In the study skills classes I used to teach, early on I gave my students an exercise.
Think of every reason you have ever missed school or class. Illness, vacation, laziness, empty gas tank, work schedule, etc. Make a list down one side of the piece of paper. Then, classify those reasons as falling into one of two categories – “my fault” or “not my fault.”
We, then, took all those reasons and put them on the board as one giant list, which we as a group categorized by the “my fault/not my fault” nomenclature. An interesting thing began to happen as we talked. The students start calling each other out on what they claim to be “not my fault.” For example, is it “not my fault” that my car ran out of gas? If that’s not my fault, then whose fault is it?
This exercise opens a conversation about victimization and agency and allows us to really discuss taking responsibility for what we can control and relinquishing guilt for what we cannot. We are then able to talk about people who are really victims – those against whom crimes or assaults were committed, civilians in war, people starving because of drought, children sold into slavery, the young woman who self-identifies as bipolar. We talk through what agency we might have in those situations – what element of control we can take and what element we cannot. It’s always one of the best discussions of the semester.
Before we wrap the conversation, I ask the students to reconsider their list. Without fail, many of those “not my faults” become “my faults,” and I can see a glimmer of empowerment shining behind their eyes.
I wish I could have this conversation with our entire society.
It’s a conversation I have with myself quite frequently. What is my choice and what is not?
It’s very easy for me to slip into this place where it seems I have no choices, where everything around me in inevitable. I don’t have time to write. I don’t have time to exercise. I’m never going to get ahead financially.

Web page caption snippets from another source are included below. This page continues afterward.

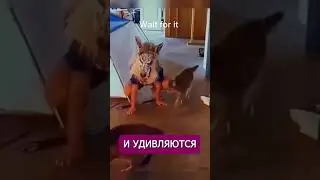 хозяева пранкуют кошек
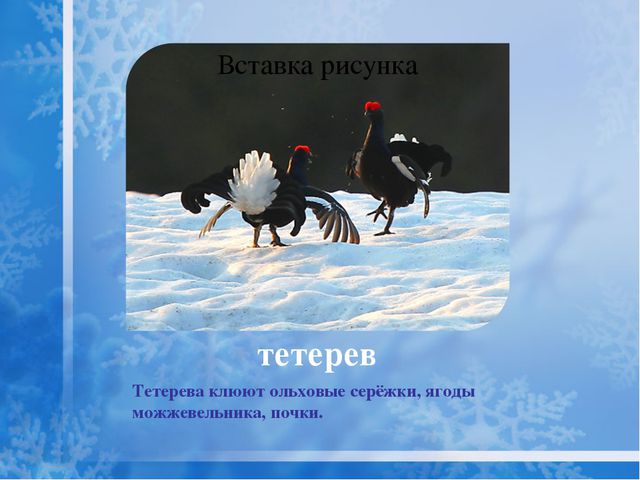 Как помочь птицам зимой? Презентация для дошкольников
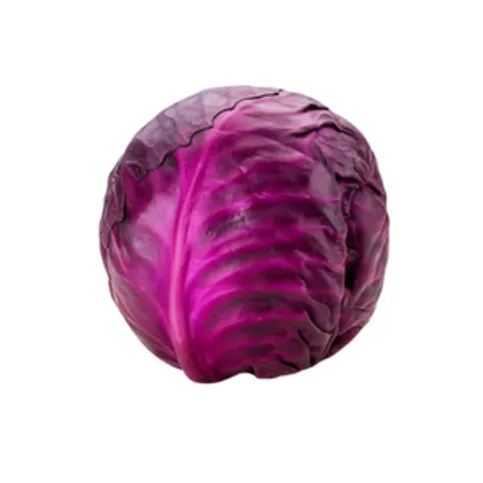 Jacks Red Cabbage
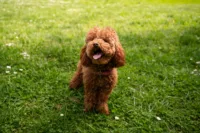Pudel toy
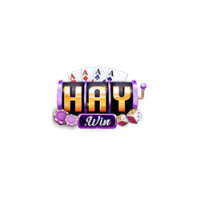 HAYWIN profile image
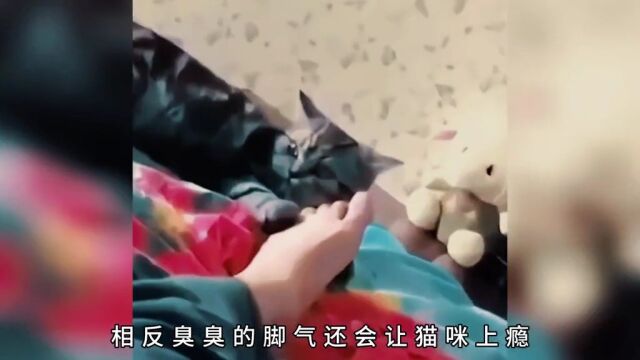 猫咪屁股对着你,是想让你帮它舔屁屁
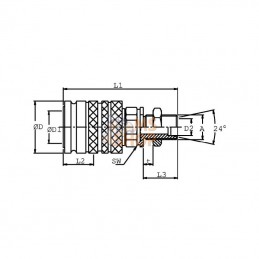 SKPF16N26; STAUFF; Coupleur femelle 3/4-M26x1,5; pièce detachée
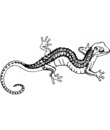 a colorier :clip art lezard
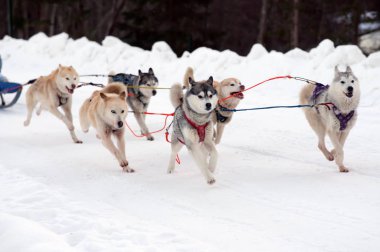 Spor takım kızak istekli dış yapraklar ve malamute köpek yarışı bitirmek.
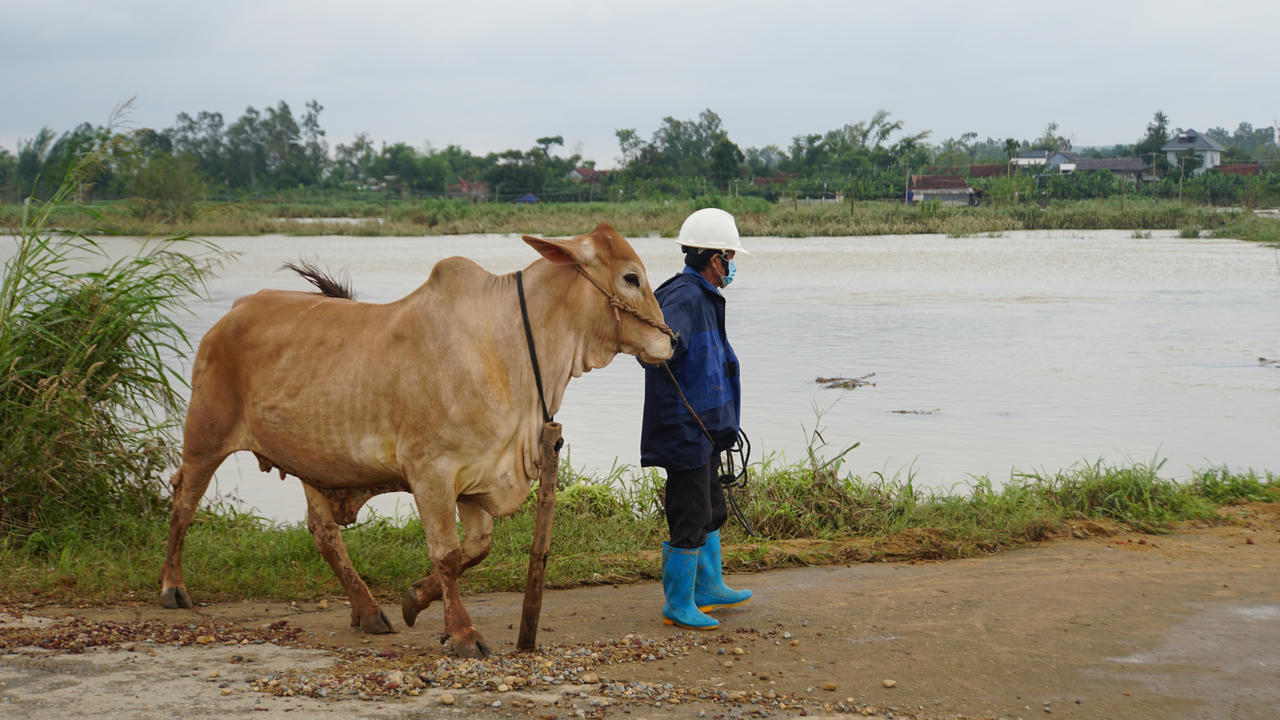 Quảng Ngãi khẩn trương khắc phục hậu quả mưa lũ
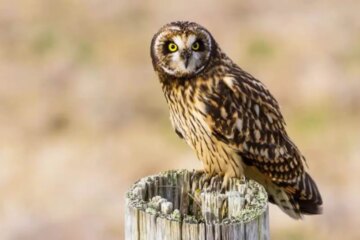 What Owls Eat in Washington Forests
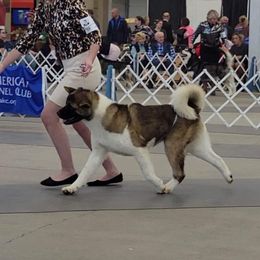 Akita and Portuguese Water Dog Puppies from Cades Akitas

But then I remember this exercise, and I try to adjust my mindset. I know it’s my fault when I run out of gas, but am I willing to own the fact that I may have spread myself too thin with activities at the cost of my writing?

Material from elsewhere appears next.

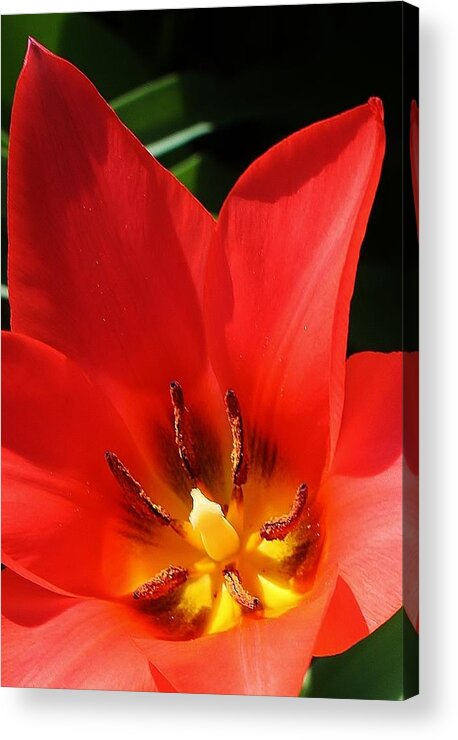Flora Acrylic Print featuring the photograph Springs Beginning by Bruce Bley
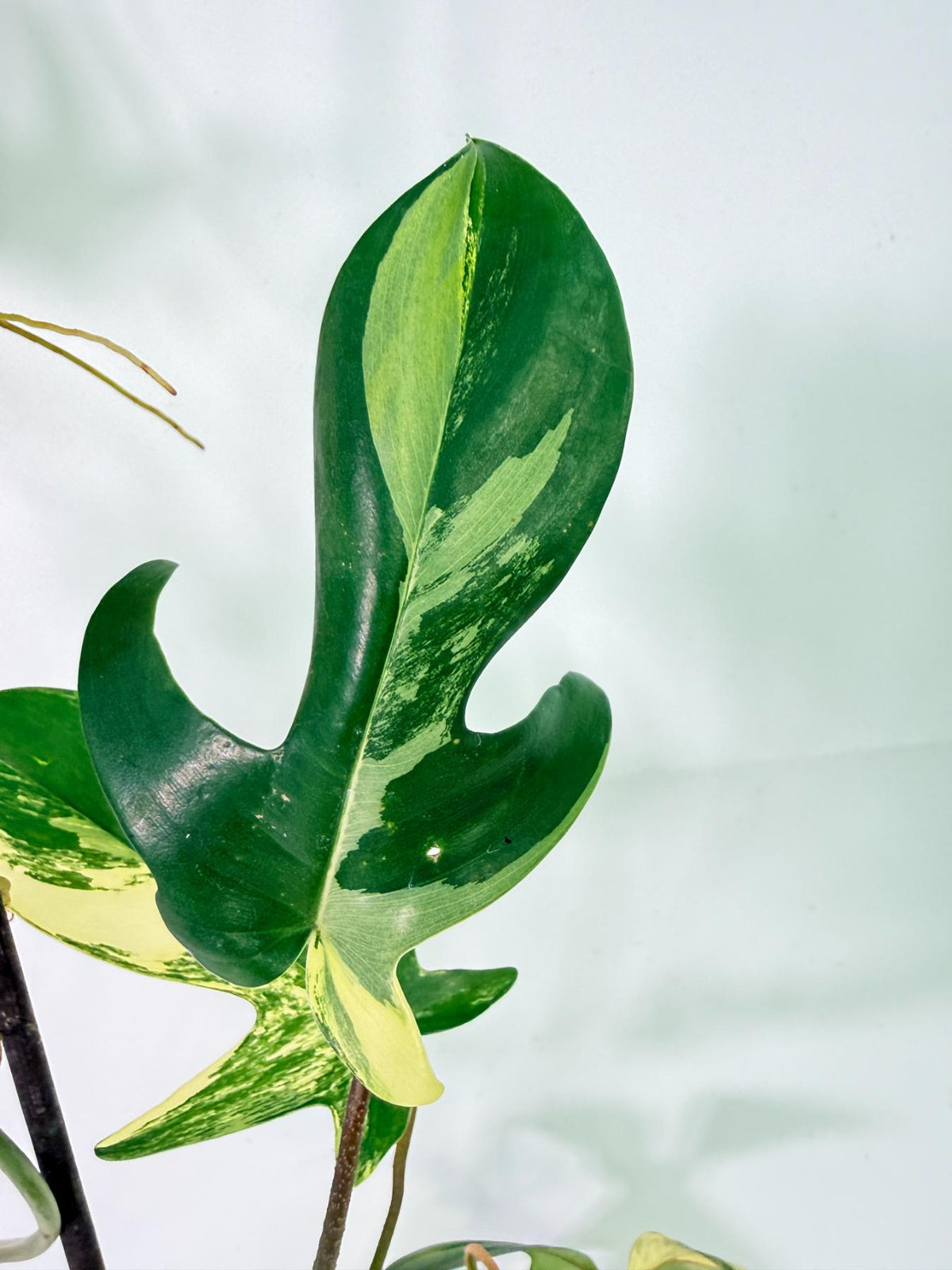 Philodendron Florida Beauty Variegata 4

Of course, there are things beyond my control – either choices I’ve made that I cannot take back or the elements of life that just come at me without my choice at all. I cannot undo the fact that I quit my full-time teaching job three years ago (and for the record, I wouldn’t want to undo that), and I cannot bring my mother back to life, no matter how much I wish I could.
Yet, there are many, many things I can change – my attitude being the biggest. As long as I let myself believe that everything happens to me, as long as I see the priorities I’ve chosen as inevitable, as long as I play the victim, well, I have no agency, no way to make change.
So what are your choices, and what is beyond your control? What would you change if you realized you really could change it?